In the eyes of many, the beloved 2010s cultural institution that was Art of Cool has long since died. But in reality, it’s suffered a fate that might be even worse: a suspended state of quasi-life, tethered to this realm by only a wafer-thin website that solicits newsletter signups with the foreboding call-to-action: “SUBSCRIBE FOR AOC:2023 UPDATES.” As of this writing, the festival’s penultimate Instagram post is an announcement about the outbreak of COVID-19.
Between the festival’s vestigial modern-day existence and the natural passage of time, it would be hard today to convey to a new Durhamite just how important, impressive and esteemed AOC once was — how much its culture of electric, high-profile collaboration on the stage and “what legend am I standing next to?” spontaneity in the crowd contributed to the heady sense of cultural possibility that suffused the Bull City at the time; how well its wide-angled interpretation of jazz (pulling in funk, soul and hip-hop) captured the artistic and unpretentious spirit that was making Durham a hipster darling in the national press.
“Art of Cool was a special moment,” says Mitchell. “It’s very rare to hear the same type of moment or memory from different stakeholders, but over the years I’ve heard the same memory, same moment where everybody felt like this is what Durham is about.“
Perhaps that’s why, when the club owner ran into trumpeter and AOC alum Chief Adjuah (formerly Christian Scott) at last year’s Newport Jazz Festival and he suggested a re-launch of the seminal event, she didn’t take much convincing.
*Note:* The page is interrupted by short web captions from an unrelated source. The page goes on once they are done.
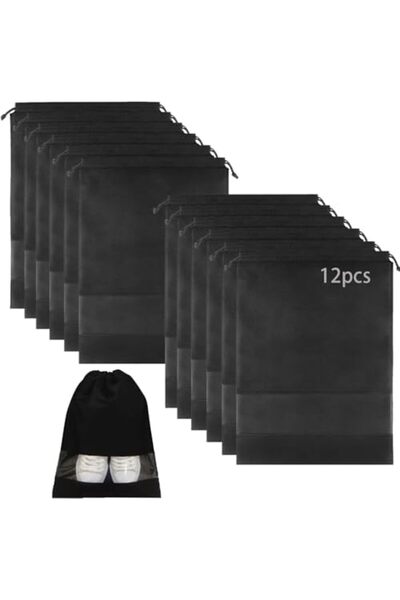 Xess Waterproof Shoe Storage Bags, Non-Woven Fabric with Drawstring and Transparent Window for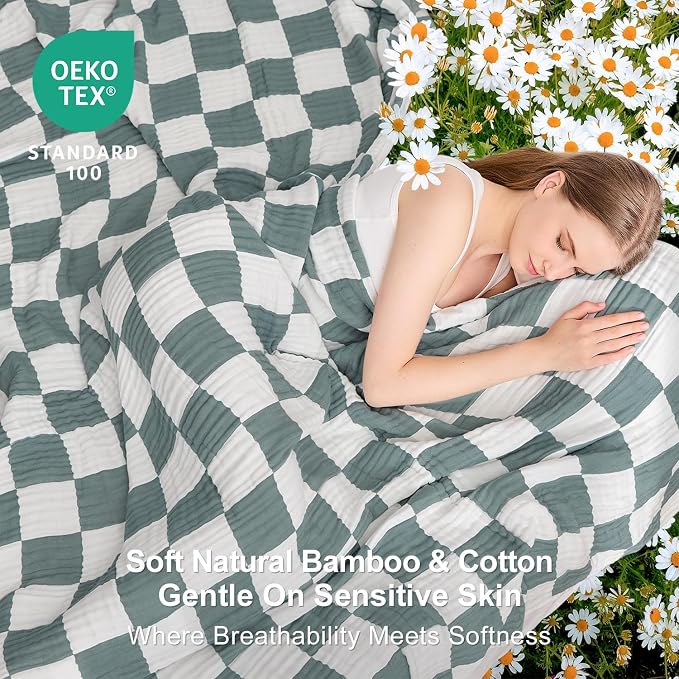 EMME Cooling Muslin Queen Blanket for Bed - Checkered Lightweight Summer Cotton Blankets of Rayon Derived from Bamboo for Hot Sleepers, Ultra Soft Breathable Gauze
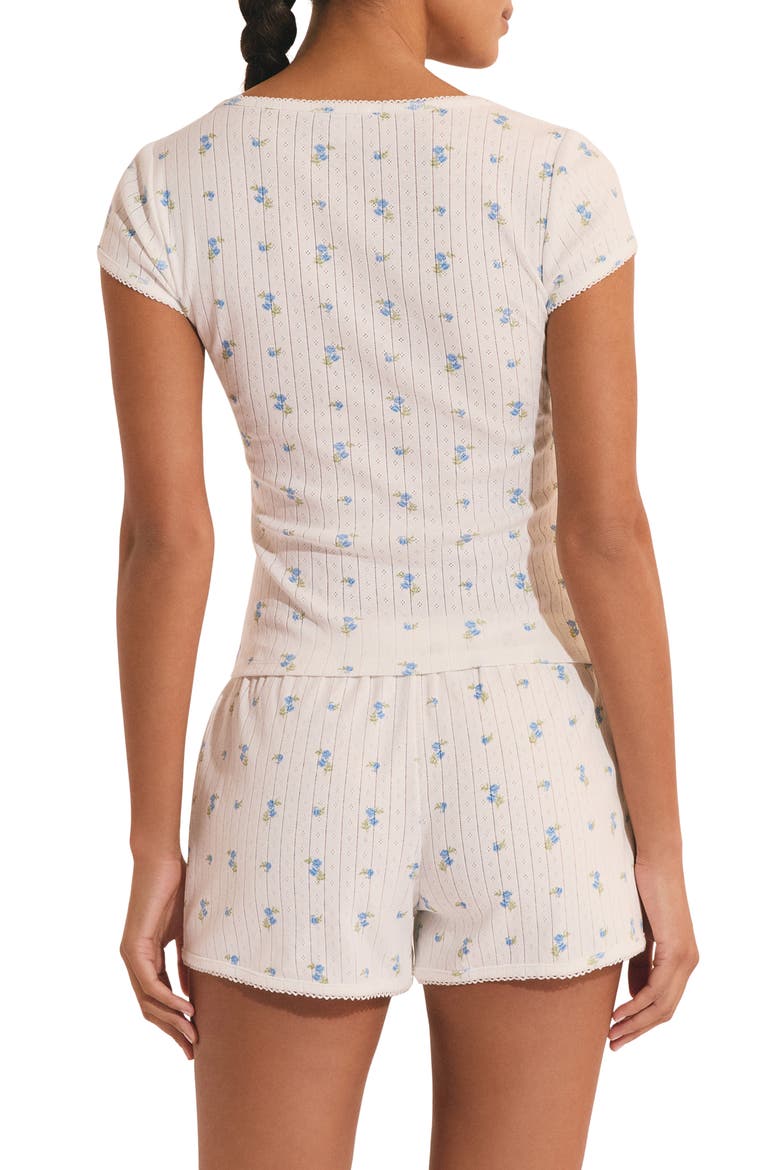 Katell Pointelle Cotton Pajama Top, Alternate, color, ECRU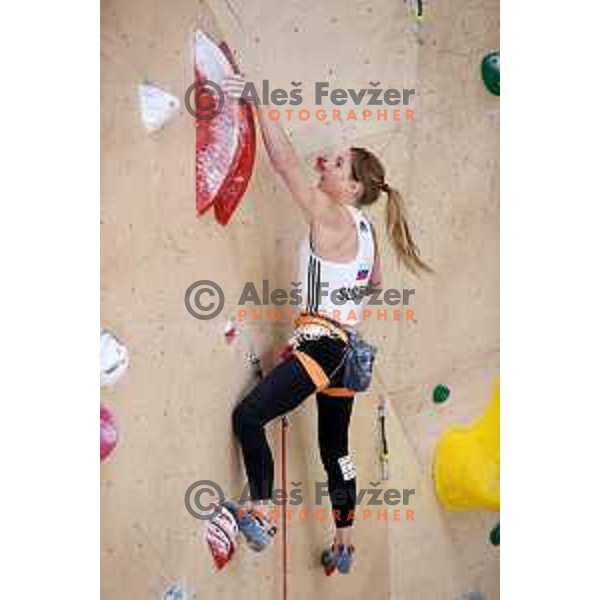 Mina Markovic of Slovenia free-climbing team during practice session at Climbing Ranch in Radovljica, Slovenia on November 4, 2021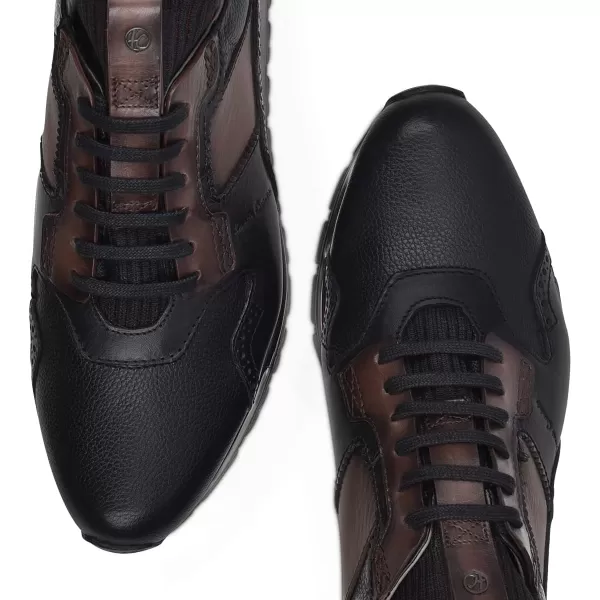 FRANCO CUADRA Mens Sneakers with Laces in Bovine LeatherBlack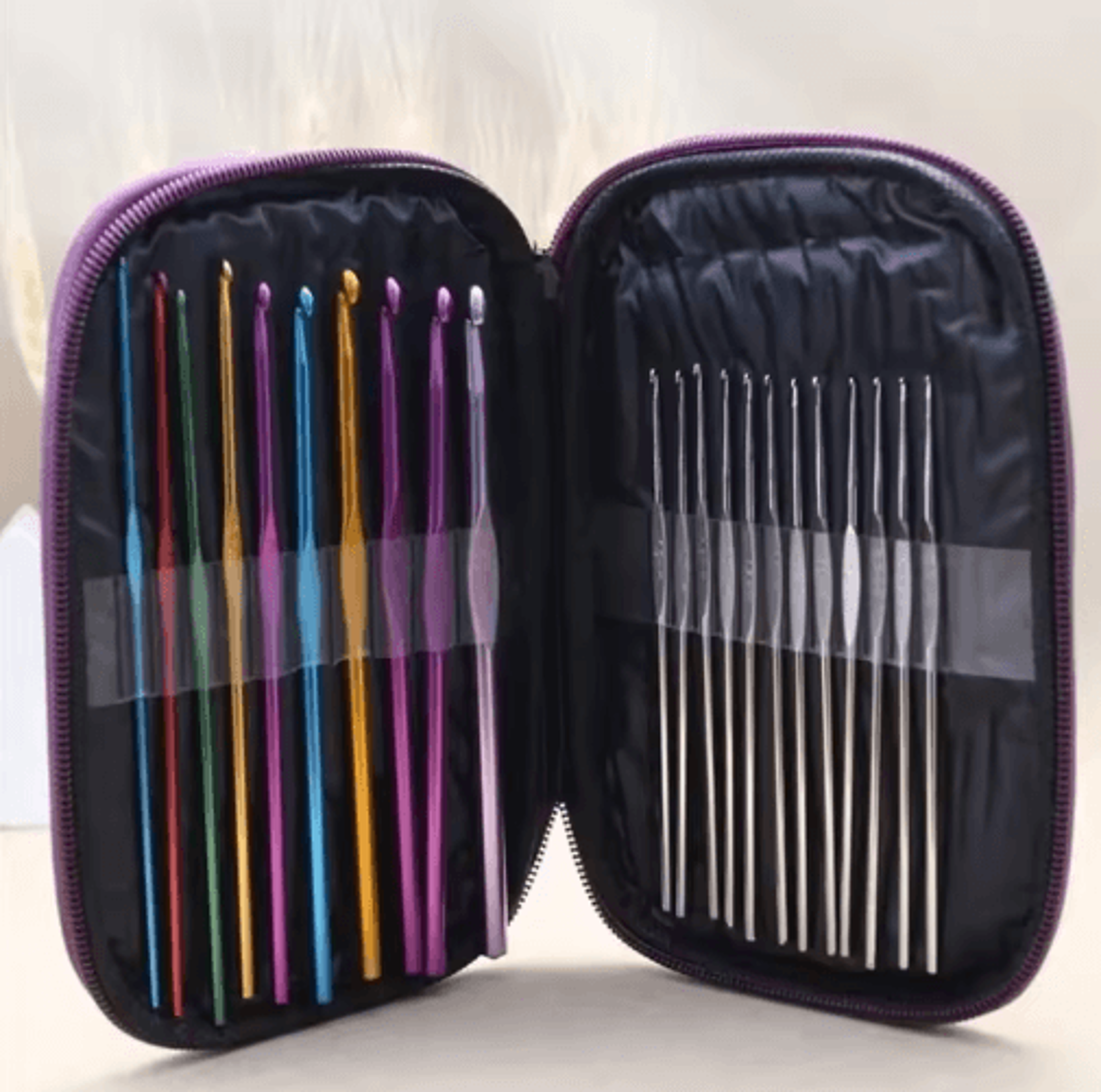 22PCS Ergonomic Aluminum Crochet Hook  Sewing Needle Set 4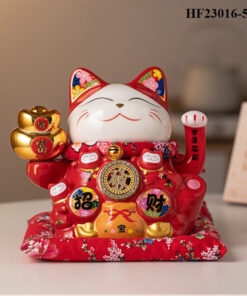 Mèo Thần Tài Vẫy Tay Vạn Phát Cao 25cm - Màu Đỏ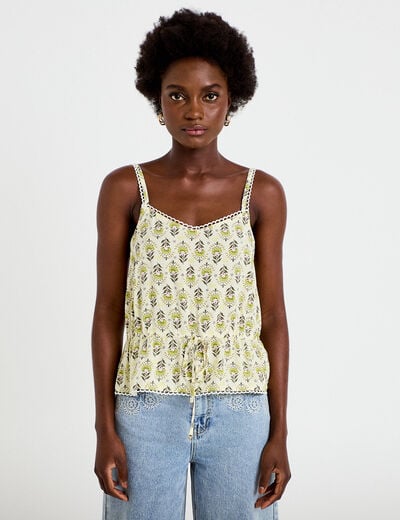 Top cintr&eacute; &agrave; fines bretelles col carr&eacute; blanc femme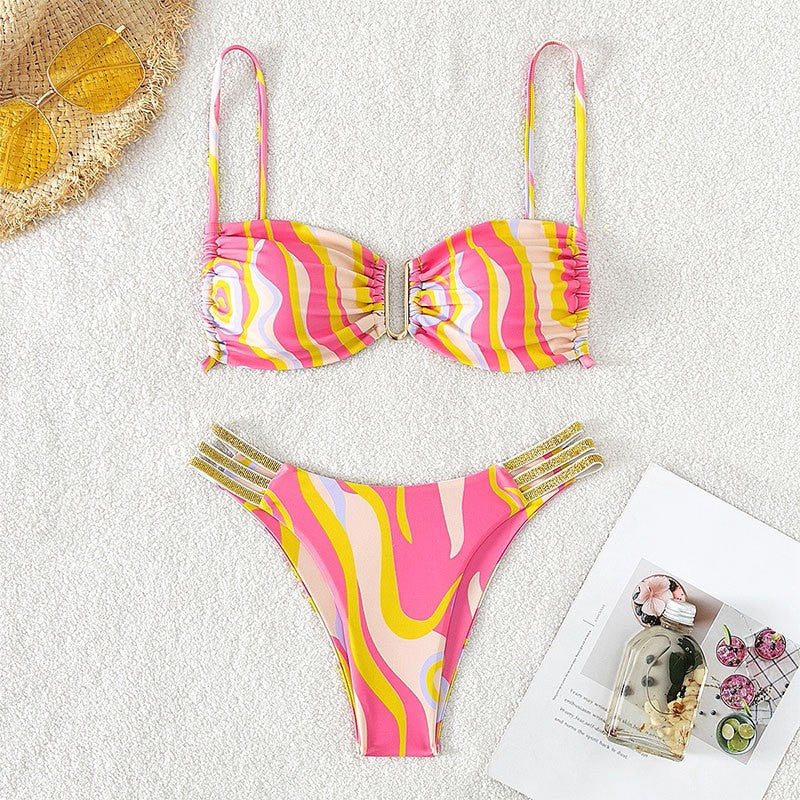 Damen Zweiteiliges Bikini-Set mit modischem Wickeldesign und elastischen Trägern Drune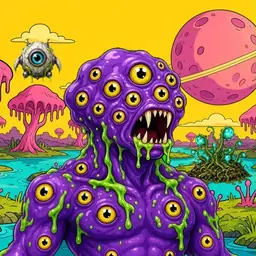Oozlings #4165, Eyeball Cluster · Turquoise Swamp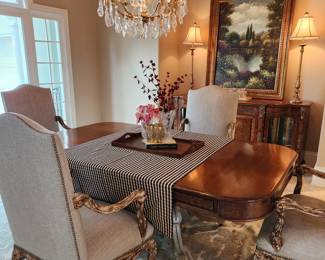 Lovely Dining Table and Upholstered Chairs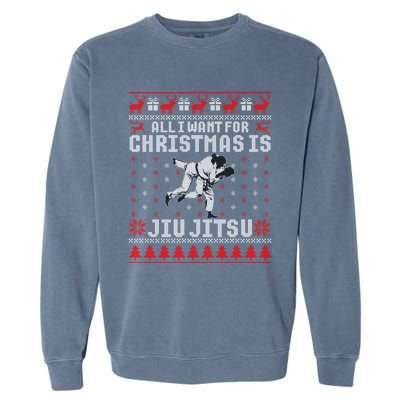 Jiu Jitsu Mma Bjj Funny Christmas Ugly Xmas Sweater Gift Garment-Dyed Sweatshirt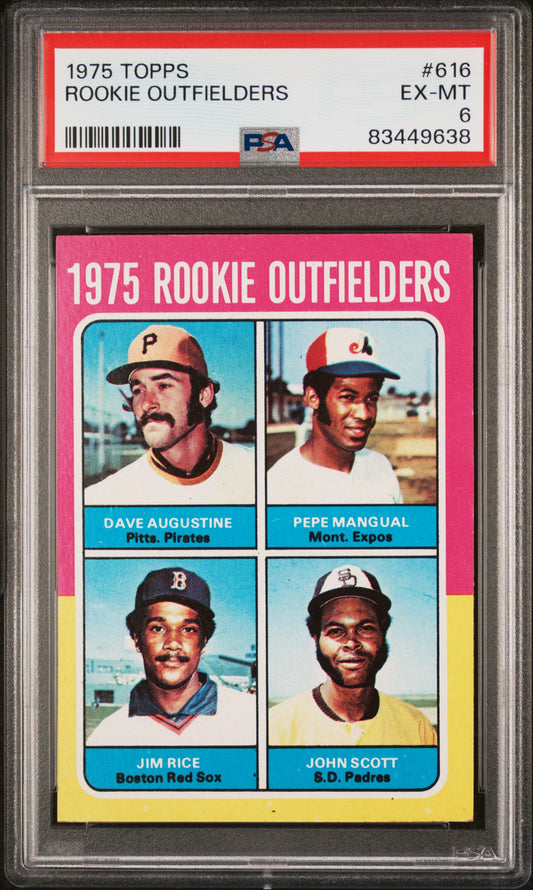 1975 Topps #616 Jim Rice RC Rookie PSA 6 EX-MT New Label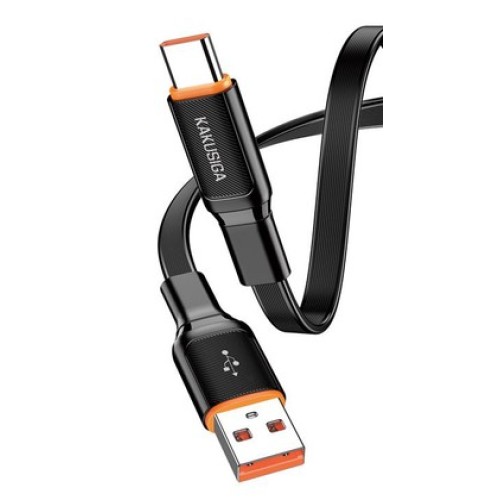 KAKUSIGA KAKUSIGA καλώδιο USB-C σε USB KSC-999, 5A, 480Mbps, flat, 1m, μαύρο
Billed this time as a co-presenter along with Adjuah’s label, Stretch Music, Mitchell has re-calibrated the scope and grandiosity for greater financial sustainability (“I wish we would have started out much smaller,” she says), but the mission remains the same: expanding the audience for jazz music, and creating an ambiance that feels as warm, inviting, and familial as ever — even when the performers include GRAMMY winners and NEA Jazz Masters.
And this time, there’s one more preoccupation on Mitchell’s mind as well.
“I’m all about, on this next journey, expanding people’s minds, and place-making about the east part of downtown,” she says. “To get from the middle of downtown over to Ponysaurus [Brewing], you’ve got to pass by Weldon [Mills Distillery], you’ve got to pass by Missy Lane’s, you’ve got to pass by The Fruit.”
The advocacy is understandable for a few blocks which, even with the added presence of the jazz club the past 18+months, can remain a foot-traffic no man’s land — the kind of stretch that drivers pass through every day without even thinking about it.
On October 4th, at least, that won’t be possible. The road will be completely shut down. And Art of Cool, in a way, will finally be back.
This conversation has been edited for length and clarity.
For those who don’t know, can you talk about how you got immersed into this world of music and curation, from Art of Cool to now Missy Lane’s Assembly Room and the upcoming block party? Is it something you always wanted to do, or was it a pivot partway through life?
When I went off to college, I thought I was going to be a math teacher. Then along the way, I did really good in statistics, found my way over to UNC-Chapel Hill, and then thought “I’ll just be a statistician for my career”—and that’s still part of my career. But then I met [trumpeter] Al Strong and we started working on Art of Cool together. And so I feel like both my career paths chose me and I just flowed with it. Once we started Art of Cool, I realized that I could do both, and that’s just how it’s been for almost 15 years.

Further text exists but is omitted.